Ziet God wel wat er gebeurt? (Exodus 3,13-15)

Is God er wel? Ziet Hij ons wel? Als je alle ellende vandaag ziet, waar is Hij dan? Zulke vragen bestaan al sinds de mens God de rug toekeerde. Ze komen telkens terug, Misschien herken jij ze ook. Misschien juist als je let op alle ellende. Maar er is een wezenlijker vraag…

Preek over Exodus 3,13-15:

Gemeente waar Jezus zoveel van houdt, gasten, luisteraars,

Kijk eens om je heen. Als je hier in de kerk bent, dan zie je mensen. Gezinnen. Echtparen. Ook mannen en vrouwen alleen. Ook lege stoelen. Wat zie je veel. Wat is er veel dat ons raakt. Heel dichtbij.

Als je de afgelopen dagen naar het journaal of de nieuws app keek, dan zag je stromen vluchtelingen. De gevolgen van bomaanslagen, bosbranden en van een aardbeving. Dat laatste is heel ver weg. Toch kunnen wij dat zien. Via internet of tv. En via de sociale media.

Dichtbij huis gebeurt er van alles. Ver weg ook. Wij zien er iets van. God ziet het ook. God ziet alles. Dat kan Hij omdat Hij God is. God ziet het niet alleen. Hij is ook betrokken en bewogen.

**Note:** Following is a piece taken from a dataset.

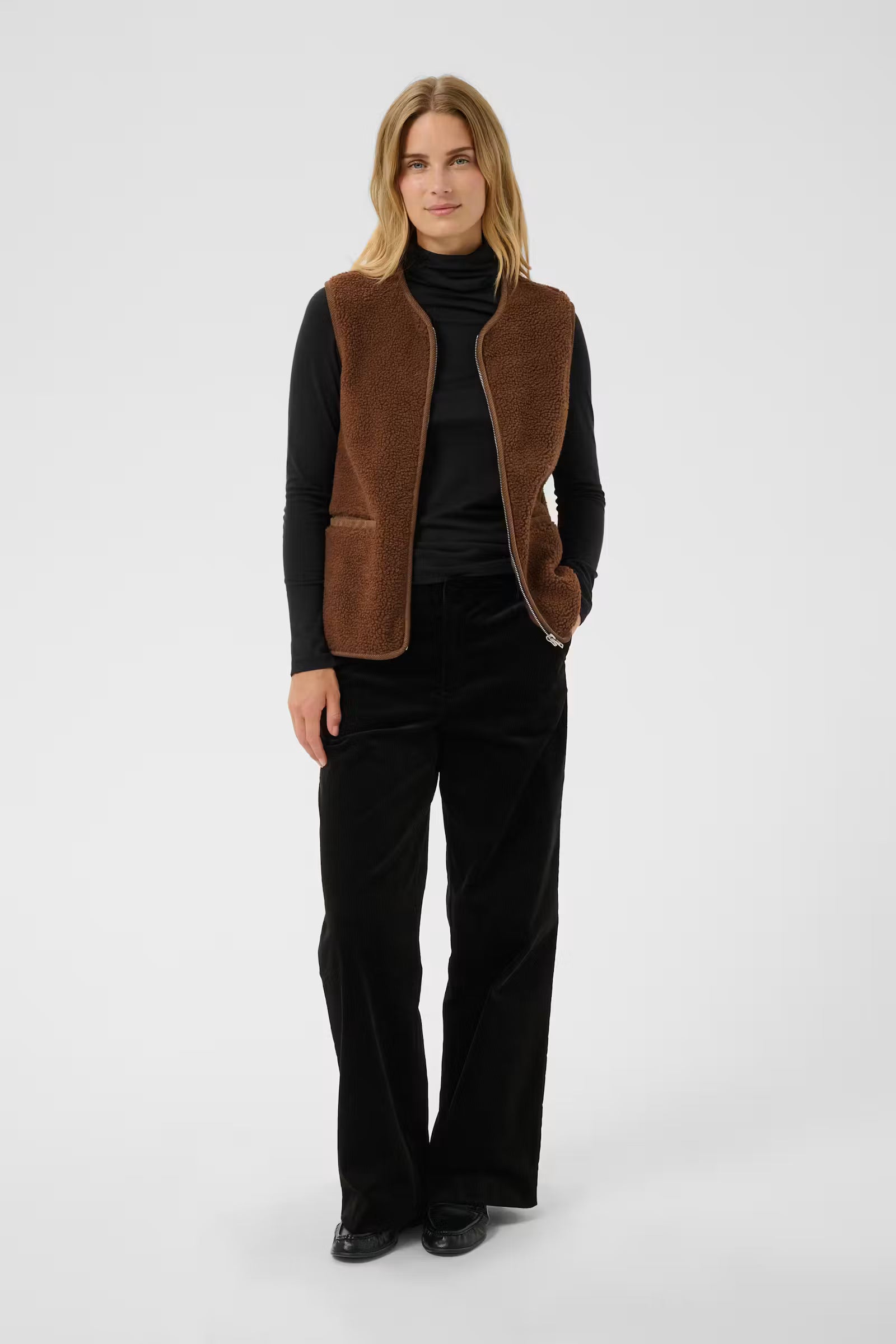 CAMELIE OUTERWEAR - DOWNTOWN BROWN - PART TWO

Als je in nood zit kun je denken ‘Waar is God dan?’ En als het al jaren duurt kan die vraag nog meer klem krijgen. Maar God geeft zijn Naam: Ik ben er echt.
Daar gaat de preek over.

Het onderwerp van de preek is: GOD GEEFT ZIJN NAAM: JAHWE, HIJ IS ER ECHT!
1 GOD ZIET.

Het boek Exodus wisselt aan het begin steeds van perspectief tussen het kleinschalige niveau en het grootschalige niveau. Het gaat op het kleine vlak over een man en een vrouw die getrouwd zijn. Hun liefde voor God en voor elkaar. Hun zoontje dat geboren wordt. De lotgevallen van Mozes. Zijn huwelijk. Zijn kinderen. Heel kleinschalig. Maar steeds is er de overgang naar het grote niveau. Dan gaat het over Gods volk in Egypte. En Gods plan en doel met hen. Over hun lijden onder de dwangarbeid. Diepe ellende. Hun roepen om hulp. En God die hen ziet en hoort. En uiteindelijk over Gods plan met de mens op aarde.

Als je hier om je heen kijkt, dan zie je geluk en gebrokenheid in het leven van de gemeente en de gezinnen daar. Als je het nieuws aanzet dan zie je geluk en gebrokenheid in wat er landelijk speelt en op het wereldtoneel. Als het over pijn gaat: Dichtbij huis is er veel ellende. Misschien herken jij ongelukkig zijn, eenzaamheid, spanningen op je werk, gepest worden op school, zélf niet te harden zijn. Op wereldniveau is er ook veel ellende. Denk alleen maar aan alle armoede, oorlogen, aanslagen, vluchtelingenstromen.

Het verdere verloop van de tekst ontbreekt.